Ja, da hat sich bis jetzt noch nichts ergeben, aber ich bin jetzt schon so ein bisschen in der Szene drin und merke, dass andere Labels da auch sehr offen sind, dass den Leuten gefällt, was ich mache und dass sie mich als Newcomer auch Supporten möchten. Es sind jetzt auch ein paar Projekte geplant.

Zum Beispiel die Kooperation mit dem Tatoostudio Lausbub aus Heilbronn.

Unser Slogan ist „Spread Love“.

„Spread Love“, da musste ich jetzt sofort an Mick Jenkins denken. Wie sieht es denn mit deiner Verbindung zur Musik aus? Woher nimmst du deine Inspiration?

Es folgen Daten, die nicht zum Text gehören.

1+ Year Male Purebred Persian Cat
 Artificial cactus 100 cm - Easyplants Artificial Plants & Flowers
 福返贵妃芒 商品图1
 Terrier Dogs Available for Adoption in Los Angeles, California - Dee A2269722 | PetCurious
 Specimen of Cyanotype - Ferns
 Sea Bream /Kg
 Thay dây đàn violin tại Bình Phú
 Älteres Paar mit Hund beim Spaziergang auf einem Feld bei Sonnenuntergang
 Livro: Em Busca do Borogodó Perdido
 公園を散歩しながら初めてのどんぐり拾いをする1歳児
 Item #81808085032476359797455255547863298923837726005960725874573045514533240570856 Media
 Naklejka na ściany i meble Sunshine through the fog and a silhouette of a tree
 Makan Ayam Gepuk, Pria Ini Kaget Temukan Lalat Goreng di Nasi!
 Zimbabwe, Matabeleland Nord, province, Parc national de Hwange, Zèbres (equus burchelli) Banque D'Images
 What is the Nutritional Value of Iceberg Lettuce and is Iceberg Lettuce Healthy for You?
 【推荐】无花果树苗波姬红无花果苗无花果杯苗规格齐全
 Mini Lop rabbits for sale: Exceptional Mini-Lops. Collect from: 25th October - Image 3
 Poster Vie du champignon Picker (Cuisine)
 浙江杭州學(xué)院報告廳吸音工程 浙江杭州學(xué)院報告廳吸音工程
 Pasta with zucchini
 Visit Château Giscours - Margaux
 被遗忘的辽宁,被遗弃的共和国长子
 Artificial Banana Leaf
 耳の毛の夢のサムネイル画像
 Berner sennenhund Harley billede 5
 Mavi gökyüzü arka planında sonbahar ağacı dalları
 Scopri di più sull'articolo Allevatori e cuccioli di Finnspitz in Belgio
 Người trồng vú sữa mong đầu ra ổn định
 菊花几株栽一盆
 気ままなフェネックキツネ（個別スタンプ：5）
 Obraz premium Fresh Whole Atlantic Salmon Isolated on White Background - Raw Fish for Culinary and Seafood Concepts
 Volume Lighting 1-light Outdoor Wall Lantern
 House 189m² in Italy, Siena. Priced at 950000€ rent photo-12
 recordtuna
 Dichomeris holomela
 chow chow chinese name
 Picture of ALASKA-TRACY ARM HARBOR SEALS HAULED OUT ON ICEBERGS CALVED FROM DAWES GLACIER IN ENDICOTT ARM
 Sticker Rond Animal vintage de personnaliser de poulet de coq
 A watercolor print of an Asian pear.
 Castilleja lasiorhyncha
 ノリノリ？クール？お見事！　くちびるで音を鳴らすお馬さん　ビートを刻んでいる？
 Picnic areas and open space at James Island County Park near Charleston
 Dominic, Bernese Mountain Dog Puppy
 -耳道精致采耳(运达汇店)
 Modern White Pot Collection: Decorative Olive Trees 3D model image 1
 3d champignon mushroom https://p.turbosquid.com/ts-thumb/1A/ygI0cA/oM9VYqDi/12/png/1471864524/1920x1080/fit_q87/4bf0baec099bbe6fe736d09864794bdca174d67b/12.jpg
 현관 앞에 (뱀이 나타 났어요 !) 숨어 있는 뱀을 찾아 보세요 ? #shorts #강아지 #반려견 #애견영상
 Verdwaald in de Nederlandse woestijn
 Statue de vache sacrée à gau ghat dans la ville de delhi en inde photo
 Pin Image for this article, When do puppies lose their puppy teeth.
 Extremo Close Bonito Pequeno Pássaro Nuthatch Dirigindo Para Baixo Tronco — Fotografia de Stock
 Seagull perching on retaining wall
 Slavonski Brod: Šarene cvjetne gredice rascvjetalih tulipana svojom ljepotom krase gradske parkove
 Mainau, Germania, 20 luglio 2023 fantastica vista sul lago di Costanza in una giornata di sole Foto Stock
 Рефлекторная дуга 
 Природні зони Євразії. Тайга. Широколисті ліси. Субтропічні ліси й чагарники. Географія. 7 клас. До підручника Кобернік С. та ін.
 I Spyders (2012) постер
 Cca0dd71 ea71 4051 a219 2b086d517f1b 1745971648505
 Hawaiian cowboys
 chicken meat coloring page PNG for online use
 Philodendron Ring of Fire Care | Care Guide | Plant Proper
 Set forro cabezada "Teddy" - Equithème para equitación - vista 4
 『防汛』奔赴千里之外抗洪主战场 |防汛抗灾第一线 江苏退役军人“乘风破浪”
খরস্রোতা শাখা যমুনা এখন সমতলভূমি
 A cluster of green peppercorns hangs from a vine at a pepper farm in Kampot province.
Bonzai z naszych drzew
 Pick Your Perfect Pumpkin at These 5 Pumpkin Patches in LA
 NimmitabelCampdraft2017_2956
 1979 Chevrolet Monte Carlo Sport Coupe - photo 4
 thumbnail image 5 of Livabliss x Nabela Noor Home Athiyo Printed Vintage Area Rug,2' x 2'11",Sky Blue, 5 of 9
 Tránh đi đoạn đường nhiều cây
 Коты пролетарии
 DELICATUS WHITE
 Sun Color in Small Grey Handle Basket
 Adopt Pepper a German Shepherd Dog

Eine Beziehung zur Musik habe ich definitiv. Aber angesiedelt bin ich vom Genre her eher im Melodic House. Aus dem Hip-Hop kann es sein, dass ich da mal ein Wort aufschnappe und dann verwende. Die Musik ist aber auf jeden Fall eine sehr wichtige Inspirationsmöglichkeit.

©  XOHO.

Du hast bisher nur einen Onlineshop. Könntest du dir vorstellen auch einen Shop in München oder Freising mit deiner Ware zu bestücken?

Das auf jeden Fall, das ist auch eines meiner nächsten Ziele. Einen Shop zu finden, der dann meine Ware führt, damit jeder auch die Möglichkeit hat, meine Kleidung vor Ort zu erwerben. Ich bin gerade auf der Suche und hoffe, dass ich bald fündig werde.

Welche Chancen und Probleme siehst du allgemein für Modelabels in München?

Um sich in der Modeszene im Allgemeinen durchzusetzen, braucht man schon wirklich ein sehr gutes Marketing oder eine Idee, die vorher noch nicht da war. Meiner Meinung nach ist es wichtig, dass die Ware präsent ist, dass man sie vor Ort anschauen kann und nicht erstmal die Hürde über den Onlineshop nehmen muss.

Wie zufrieden bist du mit der Auswahl an individueller Mode in München?

Eigentlich bin ich ganz zufrieden. Gerade auch den Münchenbezug haben ein paar Labels und das gefällt mir. Also ich denke, da kann man sich nicht beschweren. Da ist für jeden was dabei.